The past twenty-four months have seen cloud spending face dual headwinds of macroeconomics and the ability to dial down resources as needed -- i.e., cloud optimization. Nonetheless, the big four hyperscalers clocked in between $170 -- $190B in IaaS and PaaS revenue last year depending on how you factor the leaked court documents suggesting Azure is much smaller than previously believed. Regardless, hyperscaler growth continued to outpace almost all markets, accelerating between 18-19% in revenue terms last year, despite their enormous size.

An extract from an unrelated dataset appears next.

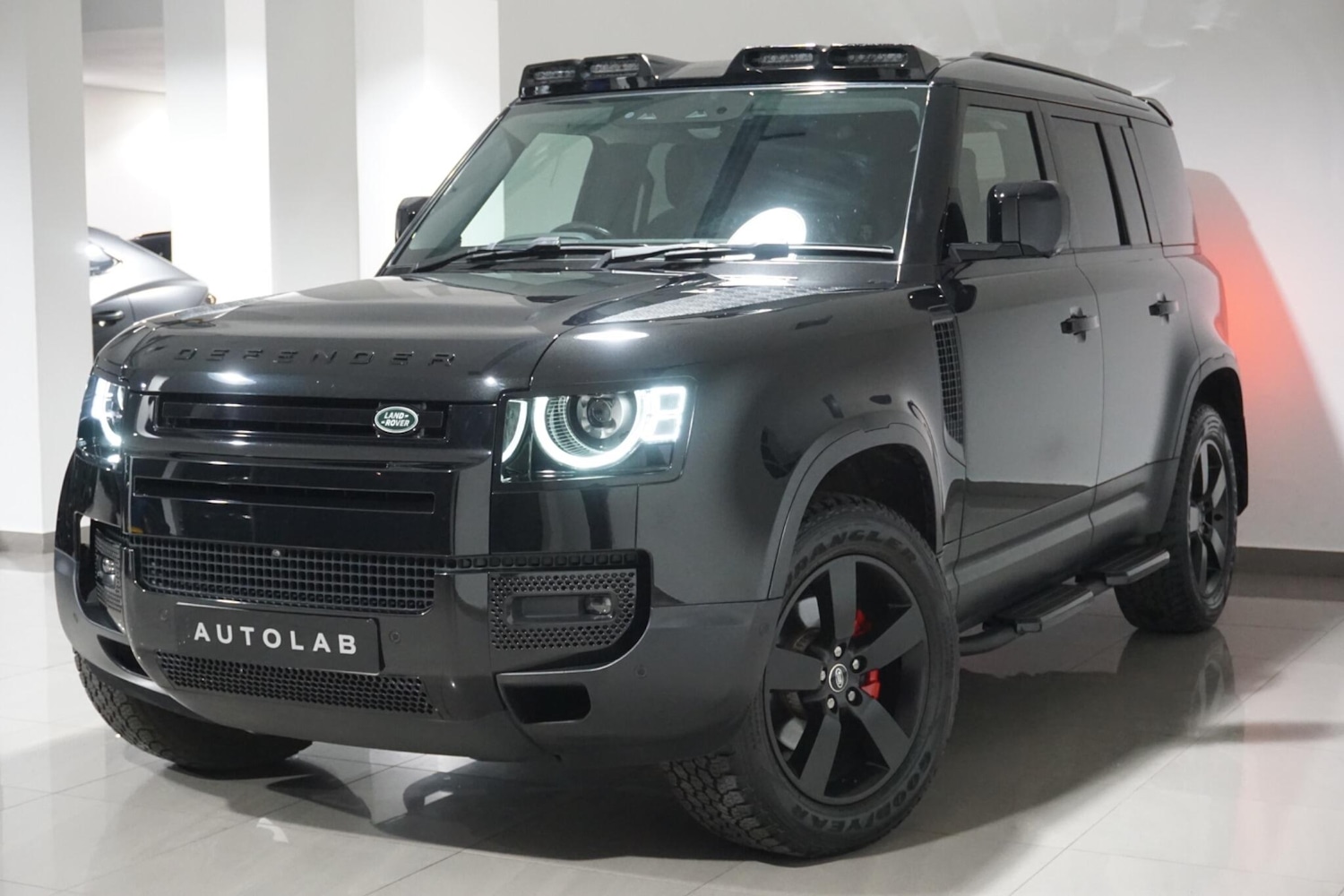 Used Land Rover Defender 110 for sale - 76701117: Photo 19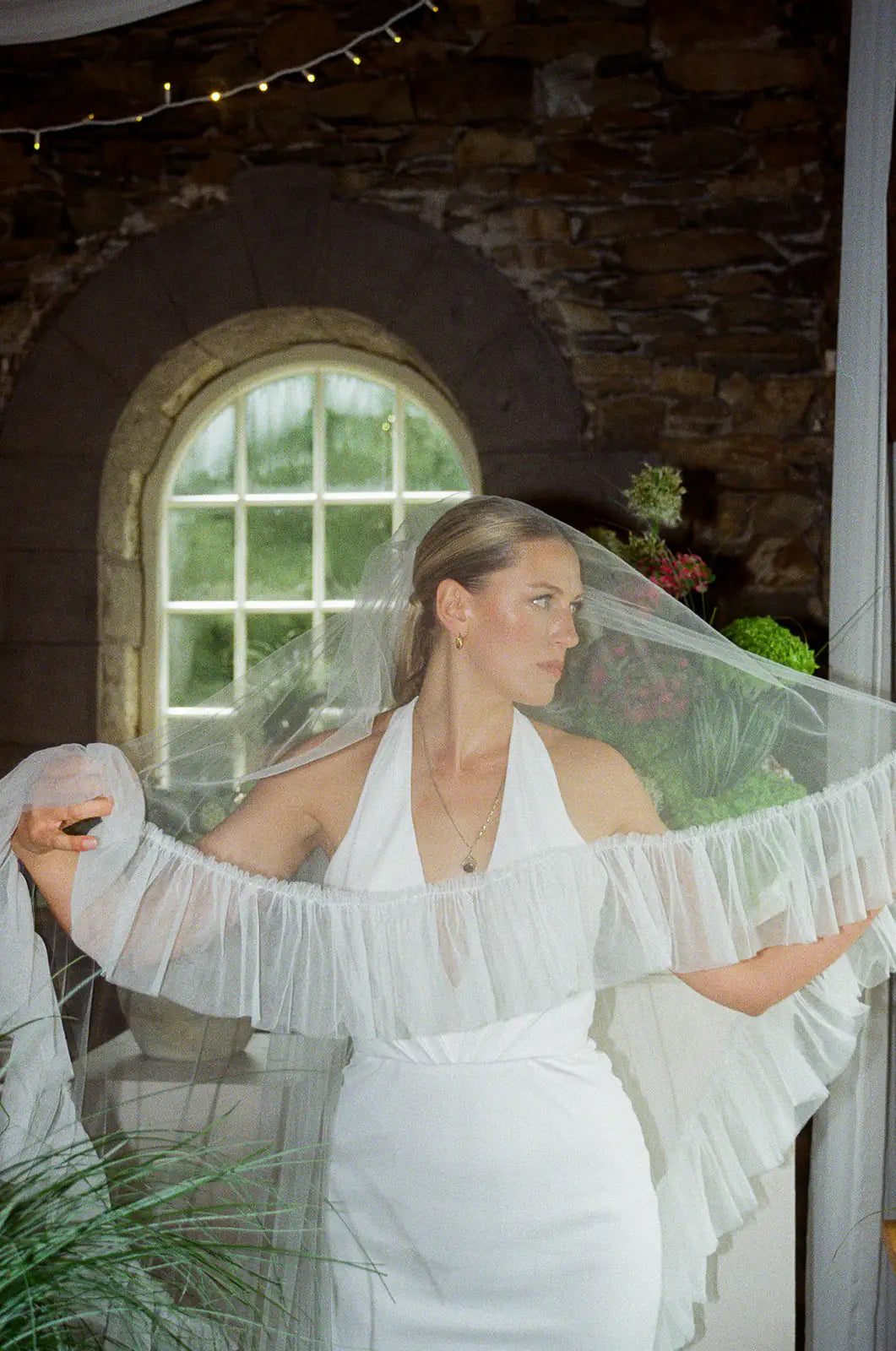 Lola Ruffle Edge Veil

As we progress into 2024, IT decision-makers are cautiously optimistic about spending levels, especially for the second half. All hyperscalers report that cloud optimization is slowing although pockets of cloud cost-cutting remain. While AI gets all the headlines, its contribution to revenue is still a small fraction of the overall spending pie. For example, we estimate that Microsoft's AI services accounted for around $800M this past quarter. But the trajectory for AI services and the potential uplift looks promising for all four hyperscalers. We think collectively the generative AI uplift in cloud will surpass $10B this year.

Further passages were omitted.